_EXERCISE REQUIREMENTS:_ In the records below, find the line with "未镶嵌蜜蜡珠宝奇石微瑕21.3" and the line with "胸ポケット 当日出荷 好評に付き再入荷！21*18CM". Print both exactly, along with every line between them, and no other line.
___
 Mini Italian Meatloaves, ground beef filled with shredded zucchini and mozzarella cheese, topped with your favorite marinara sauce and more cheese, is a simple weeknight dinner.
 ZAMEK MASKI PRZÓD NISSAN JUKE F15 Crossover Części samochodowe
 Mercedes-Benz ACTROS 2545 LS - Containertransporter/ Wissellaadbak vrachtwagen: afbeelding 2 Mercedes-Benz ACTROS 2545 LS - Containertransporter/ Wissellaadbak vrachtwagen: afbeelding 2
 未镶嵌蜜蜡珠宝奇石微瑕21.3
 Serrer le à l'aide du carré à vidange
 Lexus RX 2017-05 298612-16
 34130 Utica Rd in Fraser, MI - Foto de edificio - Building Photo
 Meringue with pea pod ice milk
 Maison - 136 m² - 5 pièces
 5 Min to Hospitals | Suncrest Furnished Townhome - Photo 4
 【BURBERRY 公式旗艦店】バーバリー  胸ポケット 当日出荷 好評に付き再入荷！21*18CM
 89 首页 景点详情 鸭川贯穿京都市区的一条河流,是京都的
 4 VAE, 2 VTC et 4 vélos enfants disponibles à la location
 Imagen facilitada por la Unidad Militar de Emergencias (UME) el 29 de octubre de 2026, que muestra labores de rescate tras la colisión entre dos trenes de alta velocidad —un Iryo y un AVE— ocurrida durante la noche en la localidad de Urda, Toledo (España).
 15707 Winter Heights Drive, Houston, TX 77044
___
_TASK SOLUTION:_
 未镶嵌蜜蜡珠宝奇石微瑕21.3
 Serrer le à l'aide du carré à vidange
 Lexus RX 2017-05 298612-16
 34130 Utica Rd in Fraser, MI - Foto de edificio - Building Photo
 Meringue with pea pod ice milk
 Maison - 136 m² - 5 pièces
 5 Min to Hospitals | Suncrest Furnished Townhome - Photo 4
 【BURBERRY 公式旗艦店】バーバリー  胸ポケット 当日出荷 好評に付き再入荷！21*18CM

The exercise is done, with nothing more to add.